Recipe for success: Get MTV’s Buzz Bin on your side. Tap into a new youth subculture that offends adults. ”I call it dork rock,” says one underwhelmed label VP. ”It’s like the Becks and Pavements — I don’t understand it at all.” Exactly.

LOSERS

Turn It Upside Down Spin Doctors Despite sales of 3.6 million copies of their first album, 1992’s Pocket Full of Kryptonite, this studio follow-up has sold only 127,000 since debuting at a feeble 28 in early July.
Recipe for disaster: Release a first single (”Cleopatra’s Cat”) that sucks.
Can this album be saved? Their stronger, second single (”You Let Your Heart Go Too Fast”) and a summer tour, with hot opening act the Gin Blossoms, could help.

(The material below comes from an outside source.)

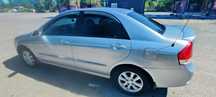 Кia Cerato 2007.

Zingalamaduni Arrested Development Another act with a triple-platinum 1992 debut strikes out. Four weeks after entering the charts at No. 55, the Grammy-winning rappers free-fall to 108, with only 61,000 copies sold to date.
Recipe for disaster: Shove peace, love, and understanding (and a nearly unpronounceable album title) down your audience’s throat.
Can this album be saved? Maybe if they join a gang.

Heart, Soul & a Voice Jon Secada Secada’s 1992 self-titled, double-platinum debut turned the Afro-Cuban-American smoothy into an international star, but Heart has yet to move beyond No. 21.
Recipe for disaster: Have your label push your first album with a massive marketing blitz, thus creating unrealistic expectations for your second.
Can this album be saved? That first album didn’t truly click until 11 months after its release. SBK could make the same thing happen for Heart — if it wants to dig into its pockets again.

Walk On Boston After a decent debut (No. 7), the album some pegged as this summer’s Bat Out of Hell II-style comeback sits at an unimpressive 36.
Recipe for disaster: Produce the same album you’ve been doing for 16 years. Then have your label ignore it (interviews with leader Tom Scholz were conspicuously absent in the press). ”To be honest,” admits one label’s VP, ”I didn’t even know it was out.”
Can this album be saved? Do dinosaurs still walk the earth?

The Flintstones: Music from Bedrock Soundtrack The movie’s $119 million box office didn’t help the soundtrack, which peaked at No. 73.
Recipe for disaster: Ask a campy band (the B-52’s) to cover a campy theme song, then release it as a single that sinks like a, er, stone.
Can this album be saved? ”Wil-maaaa!!!!”